Multi-layer Stack Ensembles for Time Series Forecasting
A technical deep dive with a minimal implementation
Everybody knows that all models are wrong, but some are useful - a frequently omitted part is that they are wrong in different ways. It’s a handy line to throw around if you want to sound smart, but there is wisdom in it: we can exploit this error diversity. In machine learning terms, this is how ensembling works: combine the strengths of different models to get something better (sum is bigger than the parts - last cliche, I promise). Stacking goes one step further - instead of combining predictions once, it learns how to combine them.
Classification, regression, object detection - all those domain have long benefitted from sophisticated stacking. Time series did not get the love, and even in 2026 there are people who consider simple arithmetic averages as SOTA. That’s why the paper “Multi-layer Stack Ensembles for Time Series Forecasting” caught my attention:
https://arxiv.org/abs/2511.15350
Instead of searching for a single “best” model or even a single stacking strategy, the authors propose something more flexible: stack the stackers themselves. One of the reasons I really like this a lot is because it feels like a trip down memory lane: back in my Kaggle days, ensembling was the name of the game - and I have very fond memories of using hill-climbing algorithm to squeeze that one last bit of performance in the M5 competition.
In this post, I break down the core ideas behind the implementation, explains the plots generated in the notebook, and highlights why multi-layer stacking looks increasingly promising.
📓 All code lives in the companion notebook:
https://github.com/tng-konrad/time-series-lab/blob/main/mls-ensembles.ipynb
The big idea: ensembles of ensembles
Traditional forecasting ensembles combine models once - the paper argues that different stacking strategies win on different datasets, so choosing one stacker is fragile. The key insight is to stack the stackers - think of it less as one model and more as a decision pipeline:
Level 1: Base forecasting models. In this implementation, we use a mix of Seasonal Naive, Linear Regression, and Multi-layer Perceptrons (MLPs). This layes learns different views of the future.
Level 2: Stacker models that learn how to combine L1 predictions. The implementation includes a Linear Stacker (learning weighted averages) and an MLP Stacker (capturing non-linear interactions). L2 learns how those different views of the future interact.
Level 3: A final aggregator that learns how to combine the stackers themselves. We use a greedy ensemble selection algorithm - it acts as the final judge, selecting the optimal combination of L2 meta-learners to produce the final forecast. L3 learns which interaction strategy works best.
Conceptually:
data → L1 models → L2 stackers → L3 aggregator → final forecast
Combining the strengths of diverse models mitigating the risk of overfitting - but caveat emptor, it also increases the variation of the results (bias-variance tradeoff). The final can be thought of as a hierarchy of learning decisions.
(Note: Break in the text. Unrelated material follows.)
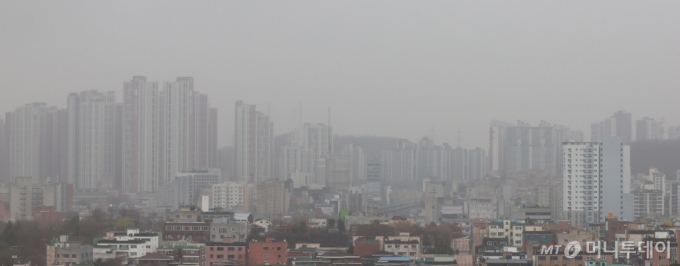 전국 대부분 지역에 황사와 미세먼지 영향으로 대기질이 나쁜 가운데 29일 인천 도심이 뿌옇게 보이는 모습./사진=뉴시스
Ok, let’s take it for a test drive. Before stacking anything, we need a setting where models actually disagree - otherwise stacking has nothing to learn.
Step 0: the dataset
To test the stacking framework, we need a dataset where different base models (L1) have varying performance. Stacking only shines when models disagree - if one model dominates everywhere, there’s nothing to combine.
We’ll generate a synthetic time series with diverse patterns, each composed of a unique trend, seasonality, and noise level. This heterogeneity ensures that there isn’t one “super model” at the L1 layer - instead we are setting up a scenario where a learned L2 stacker can provide value by combining the strengths of the simpler models.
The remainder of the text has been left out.